ふぅーーーーーっと、露骨な互い溜息を一つ零した直後にけたたましくなる玄関のチャイム。

母さんが、「はいはいどちら様?」とエプロンで手を拭きながら玄関へペタペタ音を立てて向かう。

しばらくして聞こえてきたのは母さんの数十年若返ったかのような高い声と相変わらずなテンションの聞き慣れた声。

俺だけ居留守でも使おうか迷ったがそんな時間は当然無く、やけにはしゃいだ母さんがいつになく陽気そうに声を上げる。

「大地ー!高坂さん(····)来てるわよー!」
「お邪魔します~す!」



聞かぬ振り知らん振り。
無心でキッチンに向かい、食器を取り出しているところを穂乃果に発見されてしまう。


「あー!大くんなんでスルーしたの!?話したいことがあるって言ったよね!」
「知らない聞いてない飯の時間ださっさと帰れ」

 有無を言わさず、まるで野良犬を追い払うかのようにしっしと追い払う仕草を見せる。
気になる案件ではあるが、別に今すぐに話さなければならない事ではないだろう。

「なんで!?気にならないの!?」
「気になるが今すぐじゃなくてもいいだろ!とにかく今はもう帰れ!」
「いーーやーーだーーっ!!」

 俺の背中にコアラのようにしがみついて離さない穂乃果と、それを頑なに拒む俺。
見かけによらず、また特段と大きな穂乃果の胸が俺の背中に押し付けられてふにゅふにゅと形を変えているもんだから困る。非常に困る。
 
 当然思春期真っ盛りの男子高校生。興味ないわけでは無い、むしろありまくりだ。
だけどいくらなんでも時と場所、相手の気持ちを尊重するし、本能に身を任せるだけのサルでもない。

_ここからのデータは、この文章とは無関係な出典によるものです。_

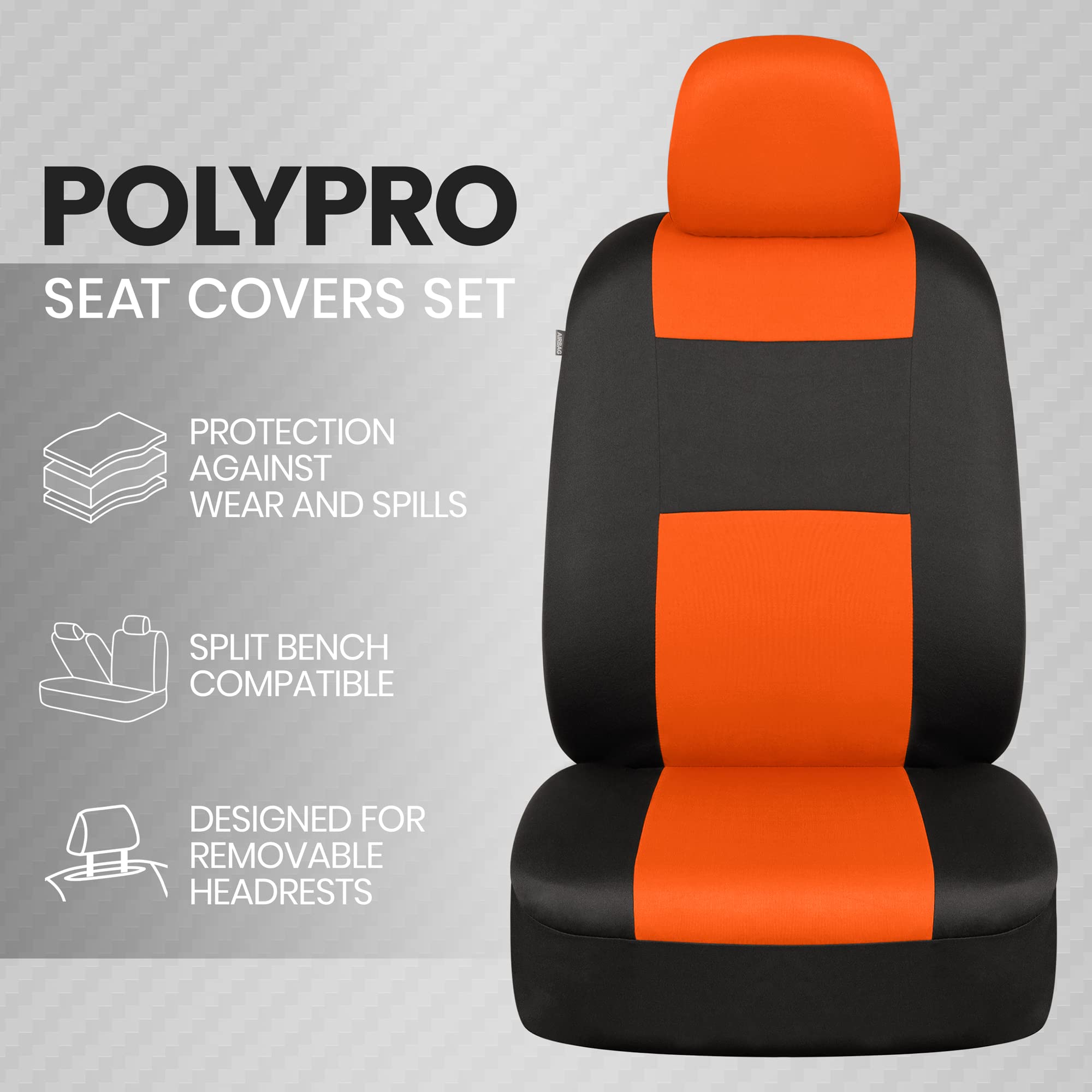 Bdk Polypro Car Seat Covers Full Set In Orange On Black - Front And Rear Split Bench Seat Covers For Cars, Easy To Install Car Seat Cover Set, Car Accessories For Auto Trucks Van Suv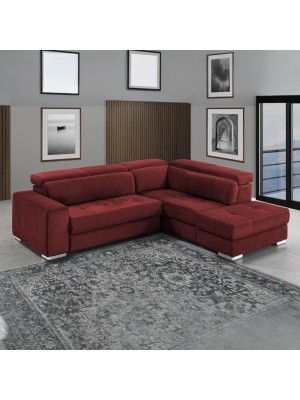 Divano letto angolare 3 Posti Tessuto Bordeaux con penisola a destra e pouf contenitore modello Silvia Totò Piccinni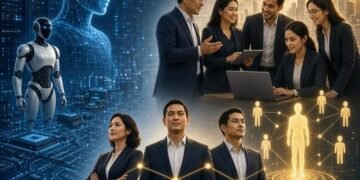 Investasi Terbaik Perusahaan Bukan Hanya Teknologi, tetapi SDM 56 Ilustrasi karyawan memanfaatkan teknologi dalam mendukung produktivitas dan perkembangan perusahaan. (Sumber: Generated AI).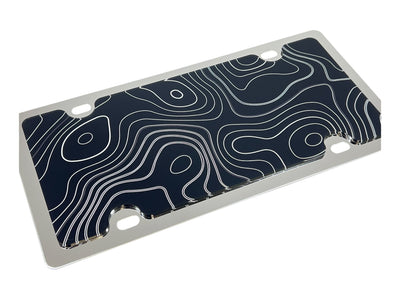 Topographic Map Stainless Steel License Plate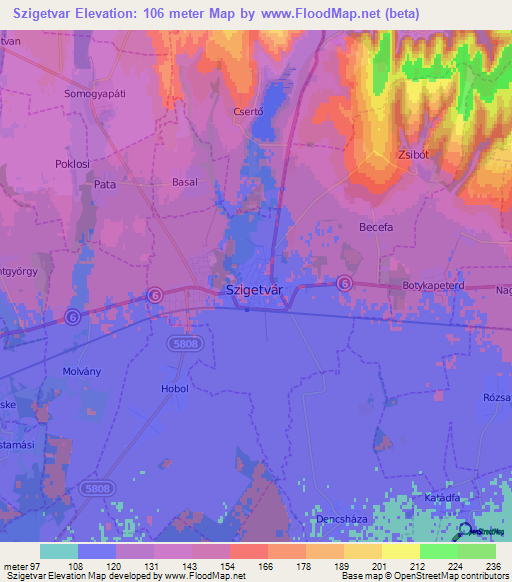 Szigetvar,Hungary Elevation Map
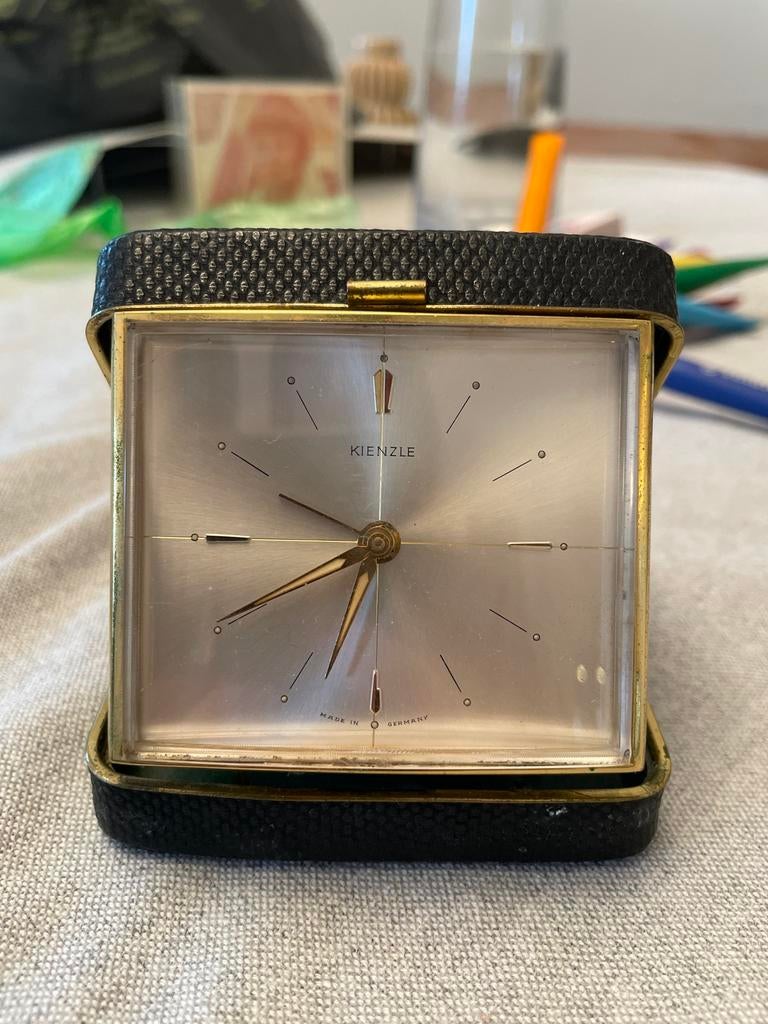 Vintage Kienzle Reiswekker in Leren Etui - Made in Germany, Ophalen of Verzenden, Zo goed als nieuw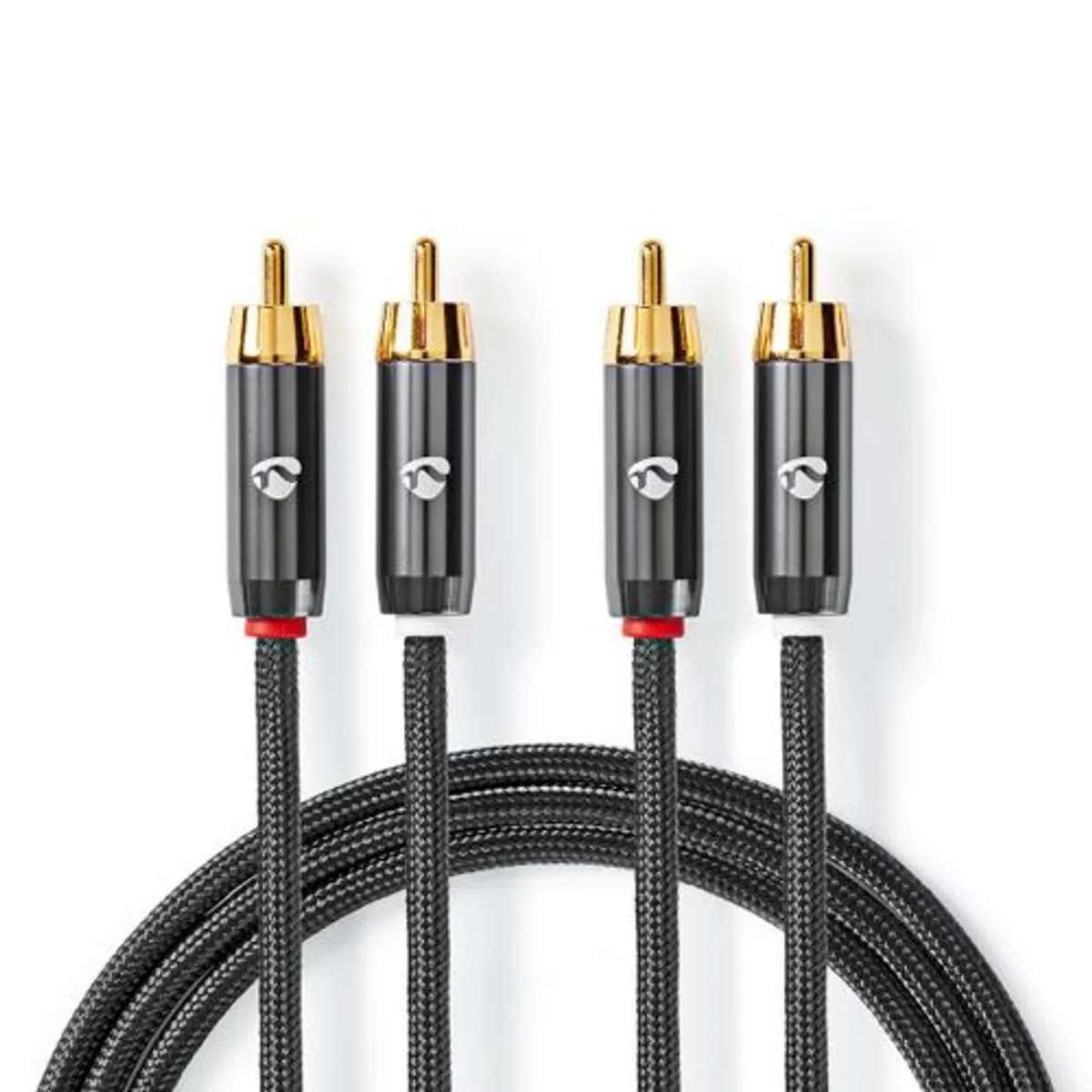 Nedis - Premium Phone kabel (Stereo) (2xRCA) (Han-Han) (Metal/Grå) - 1,0 m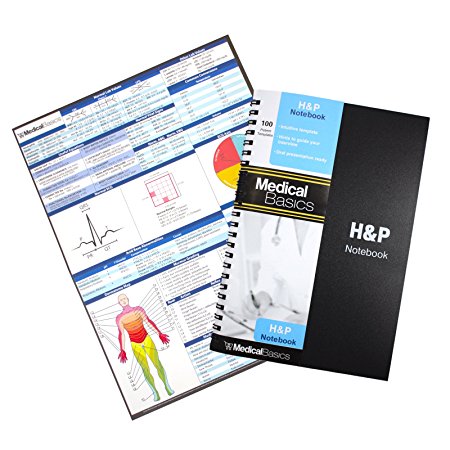 H&P notebook - Medical History and Physical notebook, 100 medical templates with perforations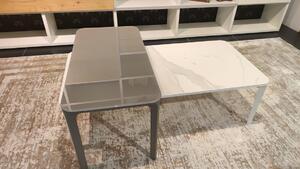 SLIM luxusný konferenčný stolík sklo sivé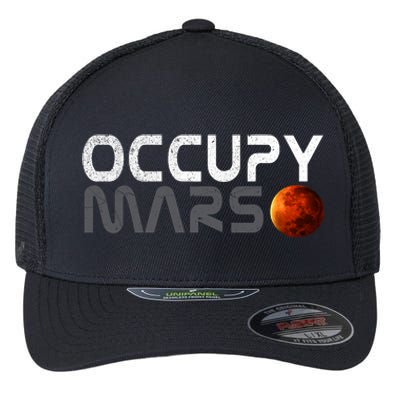 Retro Vintage Occupy Mars Space Explorer Flexfit Unipanel Trucker Cap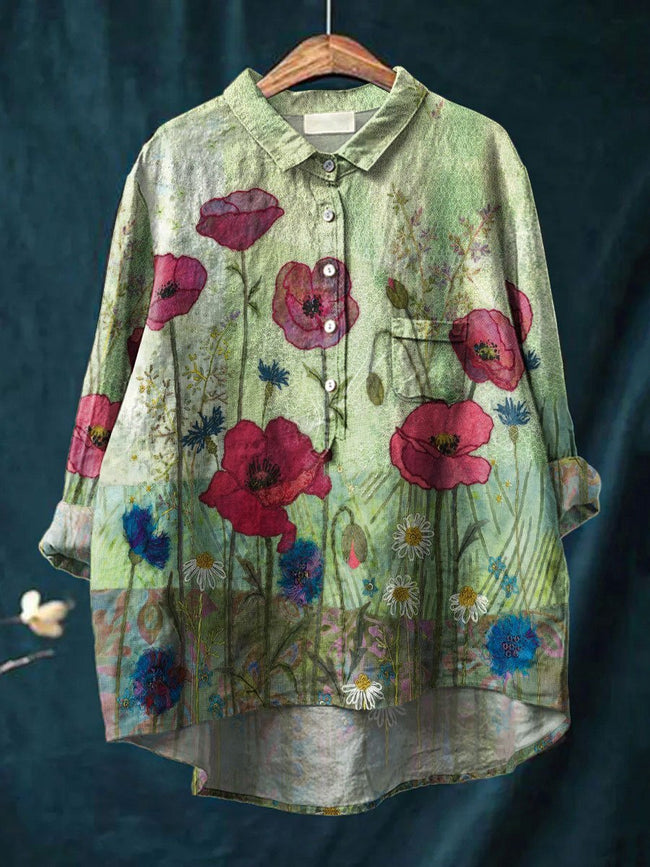 Women’s Vintage Flower Art Print Casual Cotton And Linen Shirt Multicolor / S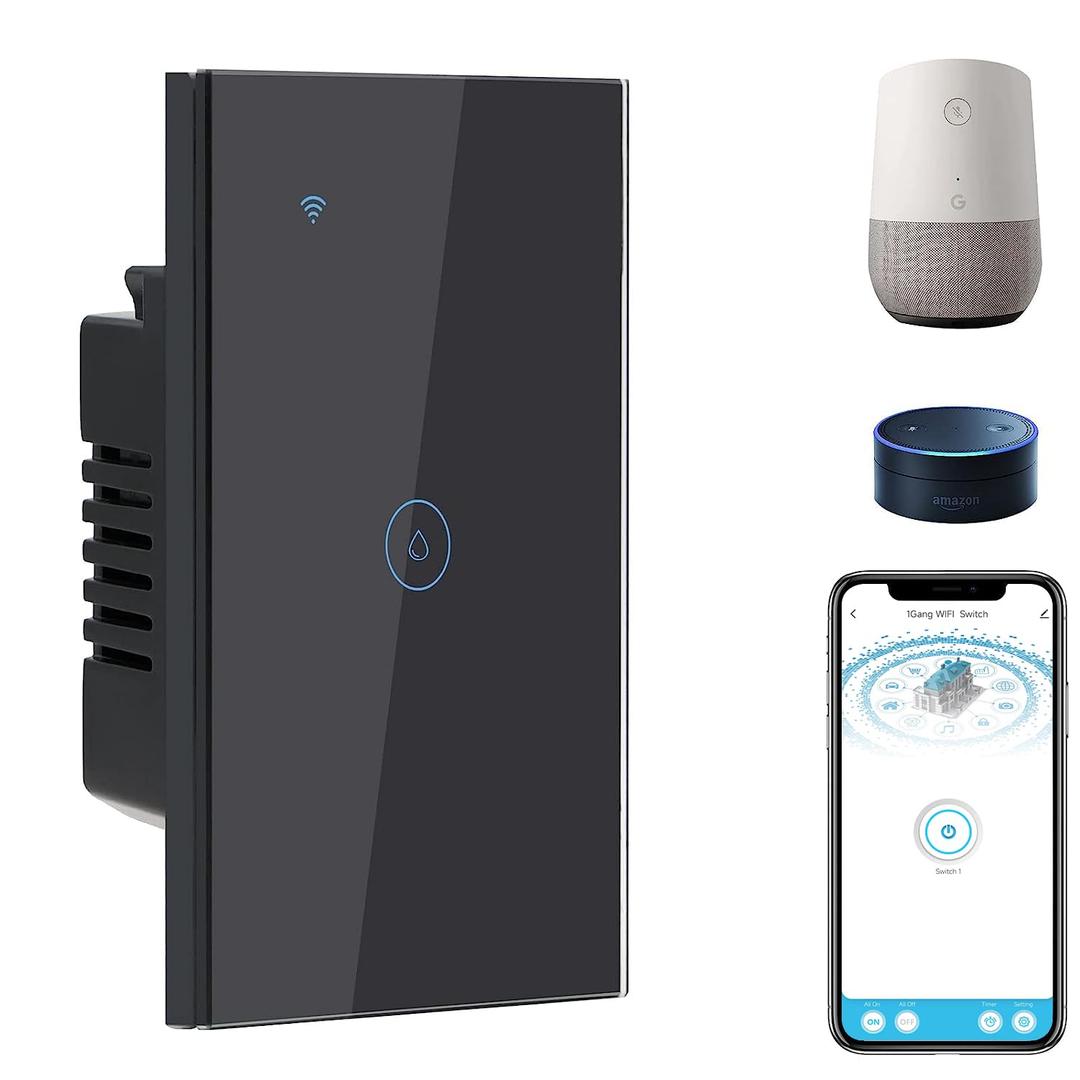 BSEED Smart Water Heater Switch, Compatible with Alexa, Google Assistant, WiFi Touch Switch with Smart Life APP Control and Timer Function for Bathroom, Group Share Remote Voice Control, 40A, Black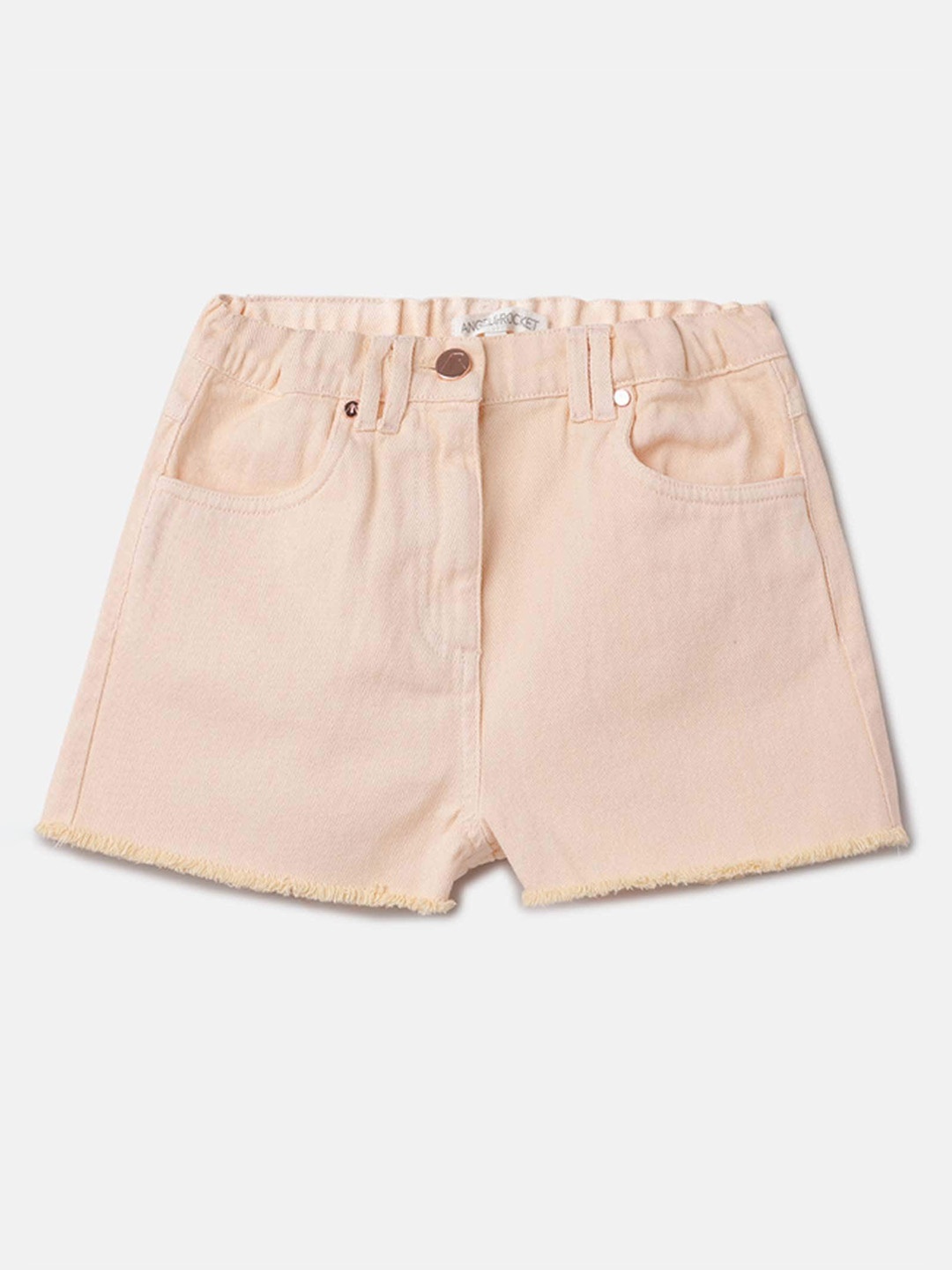 

Angel & Rocket Girls Slim Fit Denim Shorts, Beige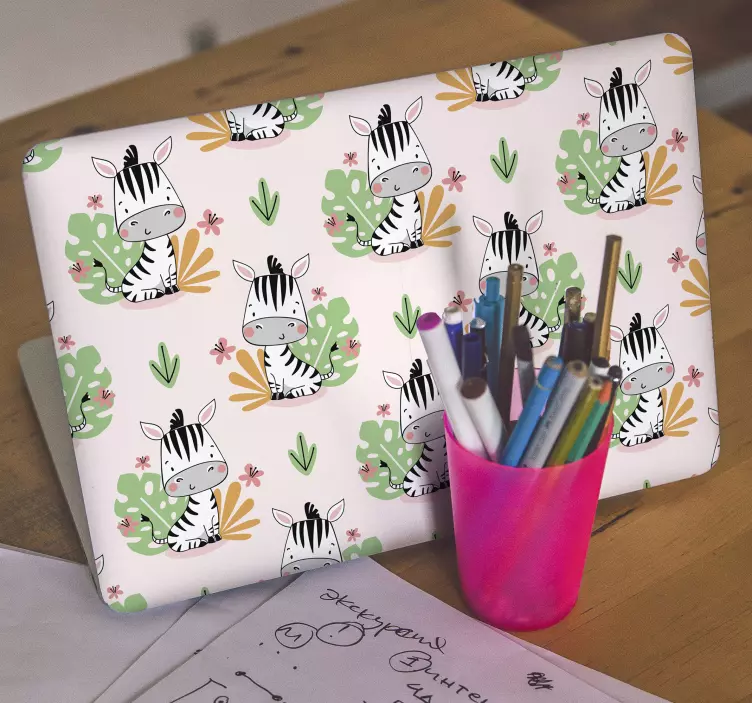 笔记本电脑皮肤 可爱的斑马图案 - TenStickers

自覚無しの穂乃果から邪念を取り除き、逸らすようにあたりを見渡す。


リビングの扉に寄りかかっている母さんが俺らのやり取りを眺めていた。

…何故か心底嬉しそうに微笑んでいる。
 

僅かに目頭から涙を零して…。







~☆~






…何はともあれ、ひとまず穂乃果も我が家の夕飯をご相伴にあずかることになり、ひとまずの平穏が訪れた。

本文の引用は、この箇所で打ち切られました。